Eu uso também muito o exemplo do meu marido, porque eles são muito machistas, os
meninos tendem, nós vivemos numa sociedade muito machista, infelizmente ainda estamos e
lá na escola mais ainda, eu tento passar pra eles dizendo: ‘o homem pode ajudar sim, meu
marido ajuda, cuida da minha filha, se tiver que arrumar a cama, e não é bichinha’, porque
eles acham que quem faz isso é ‘bichinha’, é bichinha pra cá, bichinha pra lá, até quando eles
mexem com um colega, eu aproveito aquilo ali pra puxar pra sala de aula e explicar: ‘olha não
é bem assim’, porque a gente percebe, a gente não vê muito, ah não tem futuro, então vou
desistir disso tudo.

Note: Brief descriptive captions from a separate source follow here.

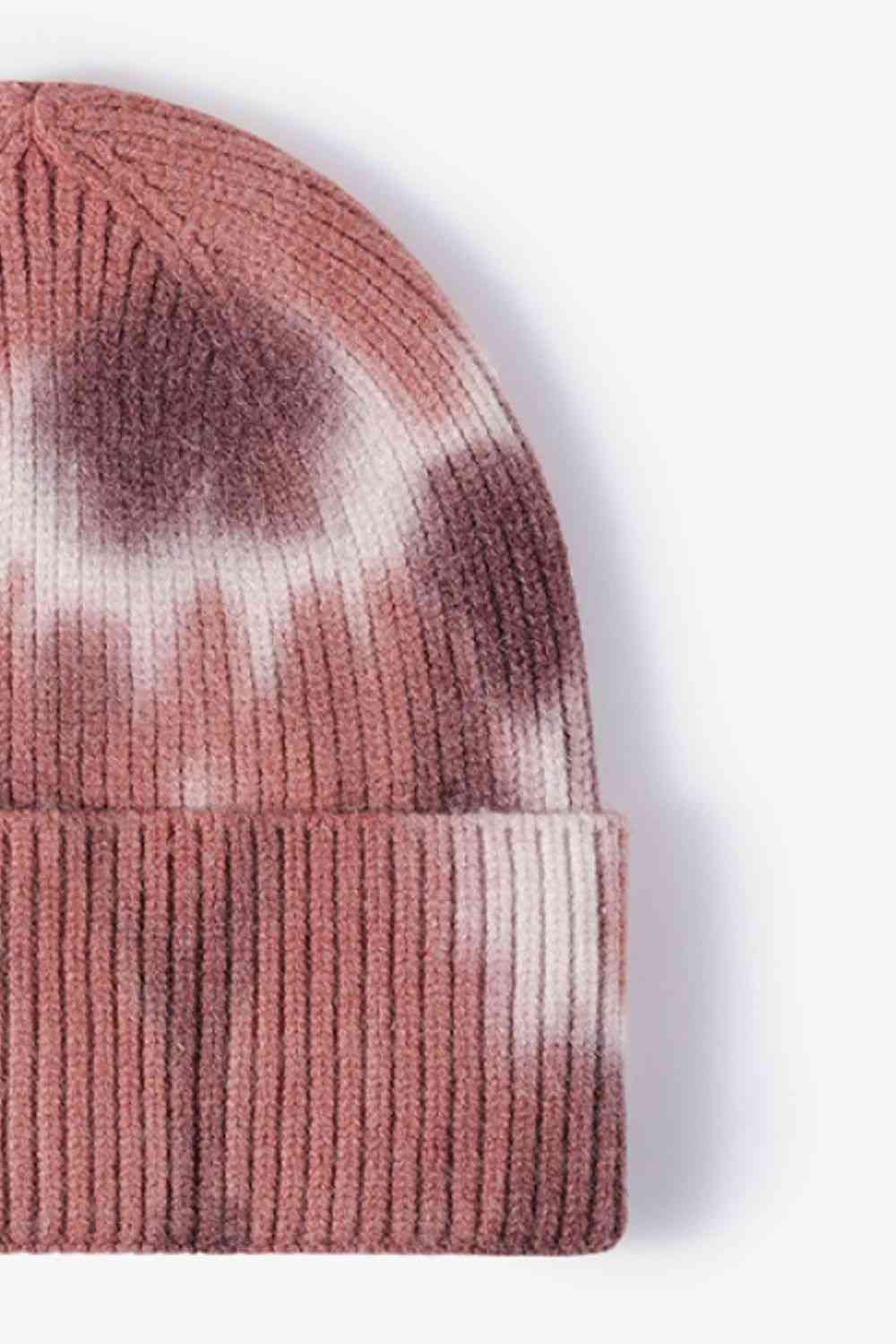 Tie-Dye Cuffed Knit Beanie - TRENDMELO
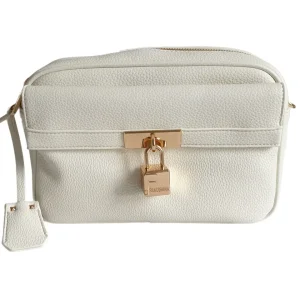 Fracomina Camera Bag In Ecopelle Con Tracolla Bianco Donna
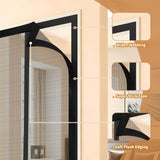 Reversible Side Opening Magnetic Screen Door for Sliding & French Doors,Upgraded PETG Mesh Anti-Tearing, Heavy Duty & Strong Magnetic, Pet and Kid Friendly - Screen Door 74"x82"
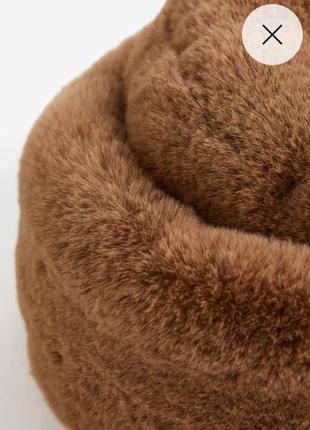 Нова мехова шапка h&amp;m шапка зі штучного хутра пухнаста шапка хутряна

Se tu for trabalhar esse lado com eles, tu fica entristecida, porque tem dias
que tu percebe assim que não é, principalmente os meninos, as meninas nem tanto, o
preconceito é muito forte, eles vivem assim dentro de casa, porque a maioria das mães ali não
trabalha fora, a maioria das mães é do lar, então eles tem uma visão da mulher..... eu tento
dentro das condições deles, das limitações, eu consigo desenvolver bem este lado, uma coisa
que eu sinto falta, é uma parceria entre professor e aluno, é claro que tem limites, tem que
114
saber a hora de parar, mas eu sempre tento fazer com que eles entendam assim, eu sou
professora, eles são meus alunos, mas nós somos colegas, não tem aquela coisa assim ‘ah tu
não pode falar’ tem que ter ordem.
E – ser professora hoje é um desafio, se já era, é um desafio maior ainda, ser professor hoje, é
ser psicóloga, é ser mãe, principalmente lá na comunidade onde eu trabalho, é ser amiga
deles, é gostar do que tu estas fazendo, porque tem momentos, como em toda profissão, tem
momentos que tu estas angustiada com mil e uma coisa que acontece, tem que pensar em
primeiro lugar assim, eu estou aqui por opção ou por necessidade, então eu tenho que
desempenhar, desenvolver um bom trabalho, errando, acertando, refletindo, principalmente,
ser professor é estar em constante momento de reflexão. Este ano em maio eu completei 20
anos de magistério, eu vejo que cada dia eu aprendo e cada dia eu modifico e estou refletindo
e converso muito com as gurias, parece que eu não sei nada, parece que eu não sei mais ser
professora. Porque cada momento, hoje tu vive assim uma dificuldade maior, eles são mais
questionadores, então tu tem que saber não ser autoritária, mas que também tu não percas a
tua autoridade. Eu acho que o principal é isso, tu teres uma amizade e não te colocar assim eu
sou professor e deu principalmente numa cidade como São José do Norte onde a Educação
ainda não é valorizada como deveria ser, não é a prioridade. Pra mim ser professor é isso.